**Assignment:**
Wherever a picture sits, omit it. Output the rest of the listing exactly.

**Given material:**
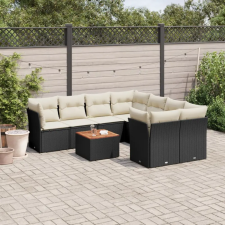 vidaXL 9 részes fekete polyrattan kerti ülőgarnitúra párnákkal kerti bútor
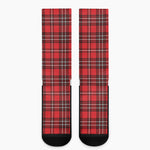 Red And White Tartan Pattern Print Crew Socks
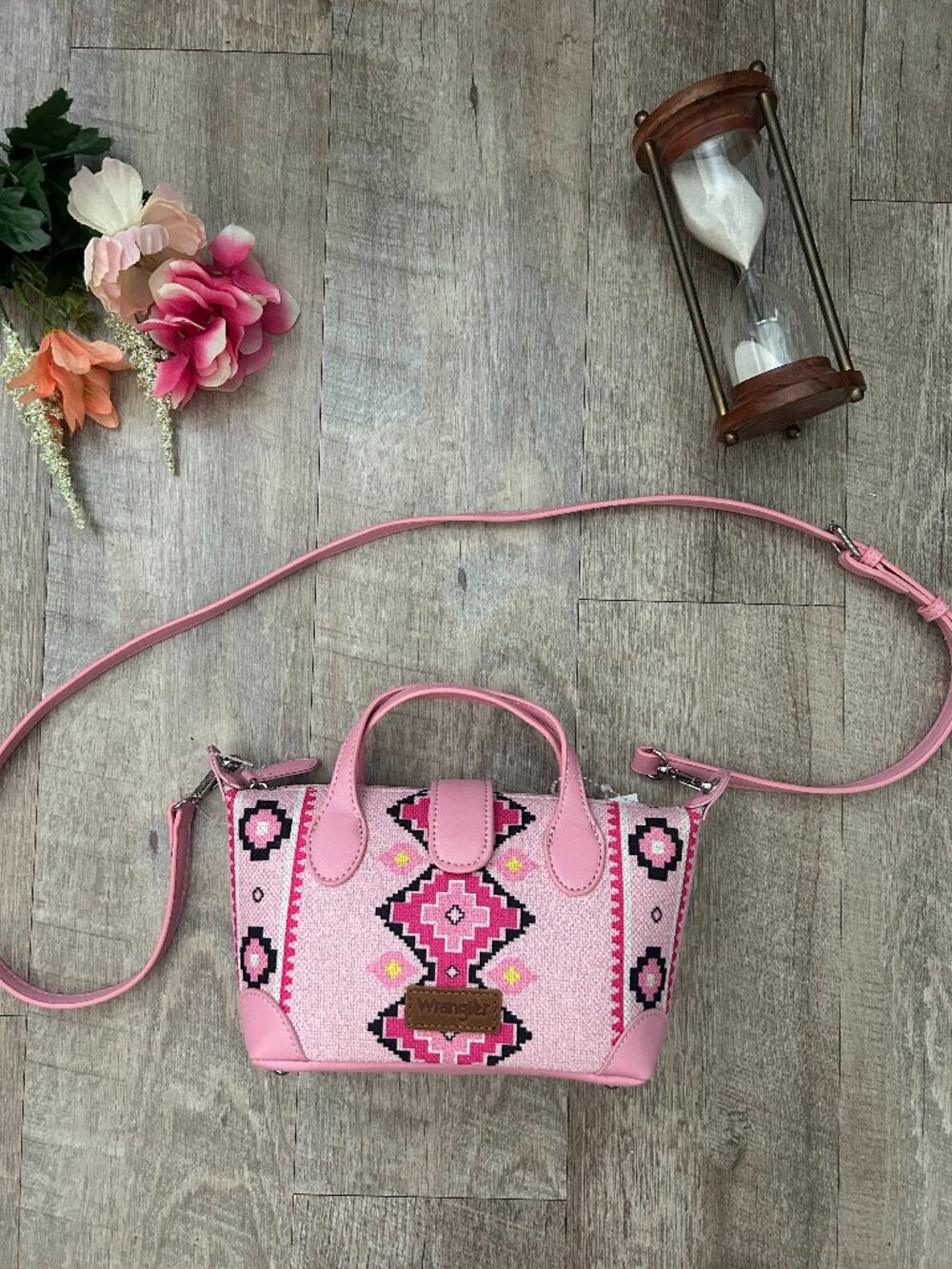 Wrangler Pink Aztec Mini Satchel Crossbody Bag Southwestern Western Style - Picture 1 of 5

**Task output:**
 vidaXL 9 részes fekete polyrattan kerti ülőgarnitúra párnákkal kerti bútor
 Red And White Tartan Pattern Print Crew Socks
 Wrangler Pink Aztec Mini Satchel Crossbody Bag Southwestern Western Style - Picture 1 of 5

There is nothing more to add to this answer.